The question of Soviet security was central to the development of the Soviet system. The Soviet state found itself, in Lenin's famous mixed metaphor, ‘an oasis in the middle of the raging imperialist sea’.5 Lenin counted on the Bolshevik example to provoke social revolution in the rest of Europe, so that the isolation would be overcome. In March 1919 an international Communist organization, the Comintern, was set up in Moscow. Its first task was to call on workers everywhere ‘to wipe out the boundaries between states, transform the whole world into one co-operative commonwealth’. Lenin promised the first assembly of the International that the victory of Communism throughout the world was only a matter of time.6 By the time of his death, in January 1924, that confidence had evaporated. The Soviet state was not in the vanguard of world revolution, but was an international pariah, perpetually on the defensive. Lenin's successors could not agree among themselves whether security lay in the hope that imperialist competition would engulf capitalism and usher in world revolution or in the mobilization of the Soviet Union's own resources to defend its own revolution. The former carried impossible risks. In 1925 the General Secretary of the Party, Josef Stalin, announced to Party leaders what was to become the chosen strategy for the regime, the building of ‘socialism in one country’.7
The strategy of socialist self-defence made it imperative that the Soviet Union be adequately protected by military force. The position of the Red Army after the civil war was an uncertain one. It was regularly referred to as the Worker-Peasant Red Army to reflect its popular social base. Much of the civil war force melted away with the end of hostilities. Trotsky, who led the Red forces as head of the Revolutionary Military Council, established in April 1918, lost interest in military developments once the war was won.

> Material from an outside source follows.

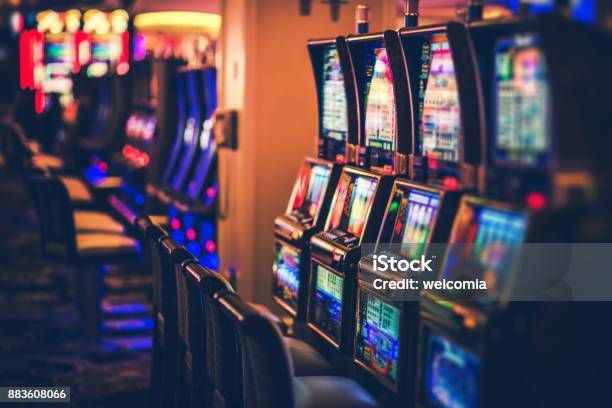 Rows Of Casino Slot Machines Stock Photo - Download Image Now - Casino, Slot Machine, Gambling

There was popular hostility to the officer corps on the grounds that the military élite constituted a threat of Bonapartist dictatorship, composed as it was of a great many officers unsympathetic to Bolshevism. Conditions in the armed forces were poor, with low pay, inadequate housing and limited career prospects. The place of the armed forces in a socialist society was poorly defined, their status insecure.
In January 1924, shortly after Lenin's death, the Central Committee established a commission to review the whole question of the future of the military in the Soviet state. The findings represented a powerful indictment of Trotsky's fading leadership. Many units had only half their officers. Out of 87,000 men trained to officer standard during the civil war, only 25,000 remained in service. Of the rest 30,000 were dead and approximately the same number demobilized.8 The supply situation was found to be anything but adequate, with insufficient weapons and poor levels of food and equipment. The rank and file were regarded as demoralized; their officers were condemned as ill-trained and unprofessional. Trotsky's role was usurped by his deputy, Mikhail Frunze, a veteran civil war commander, who was to play a central part in shaping the development of the modern Red Army and Soviet military strategy. In January 1925 Trotsky was removed from his position as Chairman of the Military Council and Commissar for the Army and Navy, and Frunze took his place.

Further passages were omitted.